Both Schumacher and Trulli have previous experience of Fuji in various guises, with the Italian among the few to have tried the revamped version.

"I drove on the circuit in 2005, just after it was completed, but I only did a few laps as a demonstration and the track was very dusty," he recalls, "It is an interesting circuit to drive and the facilities have been completely rebuilt, so they are great. It's hard to say too much about the track because it is new for all the teams but looking at the first corner, it is at the end of the long straight and quite wide so that should be a good overtaking opportunity. I am expecting a really special atmosphere for our home race and I hope we can deliver a good result."

Schumacher's memories go back a little further, and the German is looking forward to returning - despite the pressure to perform.

"I remember the old Fuji circuit from my time racing in Formula Nippon and I always enjoyed racing there," he reflects, "One of the most impressive things about Fuji Speedway is the location, with Mount Fuji in the background. The track itself is also very impressive, especially now the facilities have been improved. It is now one of the most modern in F1, but they have kept a lot of the character of the old track, with the very long main straight. Personally, it is great to be going to a different circuit, even if I loved racing at Suzuka, and I am looking forward to the challenge."

Red Bull Racing - David Coulthard (#14), Mark Webber (#15):

Buoyed by a successful final test of 2007 at Jerez, Red Bull Racing heads to Fuji hoping to add to the points secured by Mark Webber in Belgium as it continues to battle for position in the crowded midfield of the constructors' championship.

Although it may benefit slightly from its partnership with Renault after the regie ran briefly at the revamped Japanese circuit in 2006, engine guru Fabrice Lom insists that the weekend is still going to be something of a step into the unknown.

"It is always interesting to learn new circuits and tackle new challenges," the Frenchman claims, "Suzuka may be a legendary circuit, but I must confess that, on a personal level, I never particularly enjoyed the surrounding area. So, for me at least, it will fun to see what Fuji is like.

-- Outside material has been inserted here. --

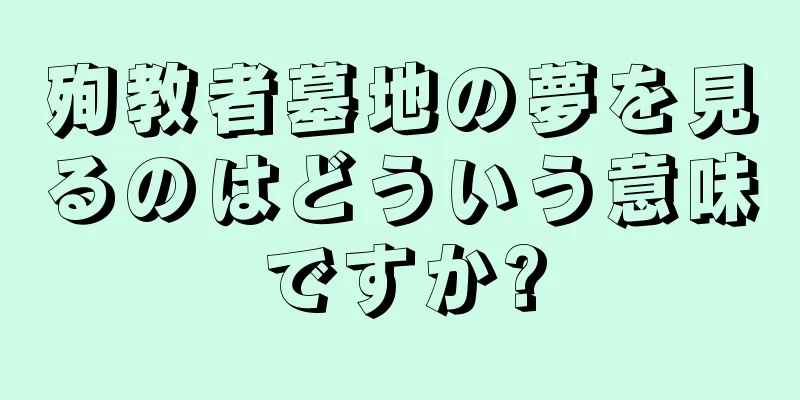 殉教者墓地の夢を見るのはどういう意味ですか?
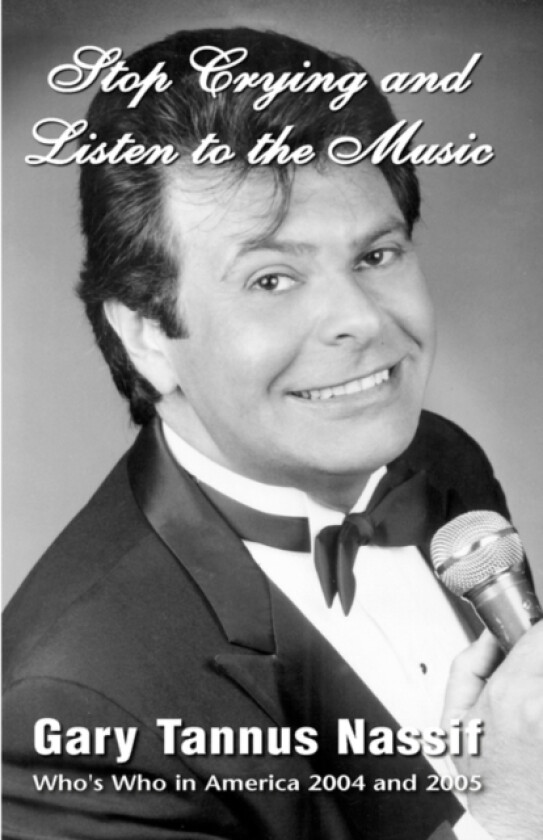 Stop Crying and Listen to the Music av Gary Tannus Nassif' (Hardcover)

"The rules of [the] partnership [between RBR and Renault] are very clear - it is only an engine partnership. The only information from Renault F1 Team that is shared with Red Bull Racing concerns the engine itself. Of course, we can provide advice and our opinions from what we saw during last year's Roadshow at Fuji, but we cannot give any kind of information about parameters such as downforce levels for example... And we respect that agreement absolutely."

Despite the secrecy about potential set-ups, however, Lom is confident that the RS27 will not be a weak link when competition resumes in Japan.

"We know how [the engine] should behave and, especially coming after Monza and Spa, we are not concerned that Fuji will be hard on the engines," he continues, "There is a very long straight of around 1.5km, but it is preceded by a slow corner and the longest period spent at full throttle is under 20 seconds - compared to 25 seconds in Spa. The predicted percentage of the lap at full throttle is around 50 per cent, which is also below the annual average.

"That means we have no particular worries about engine reliability, particularly because the track lies around 500m above sea level, which makes life easier for the V8. The engine develops less power, the loads on the pistons are reduced, but that doesn't mean we won't be paying our usual attention to reliability."

Which just leaves the transmission and hydraulics for RBR to worry about.....

Williams - Nico Rosberg (#16), Alex Wurz (#17):

Promoted to fourth in the constructors' championship with just three races remaining, following McLaren's controversial exclusion, Williams will be looking to extend its lead over those behind and close the gap to Renault in search of a top three finish as it races in front of its engine partner's home crowd this weekend.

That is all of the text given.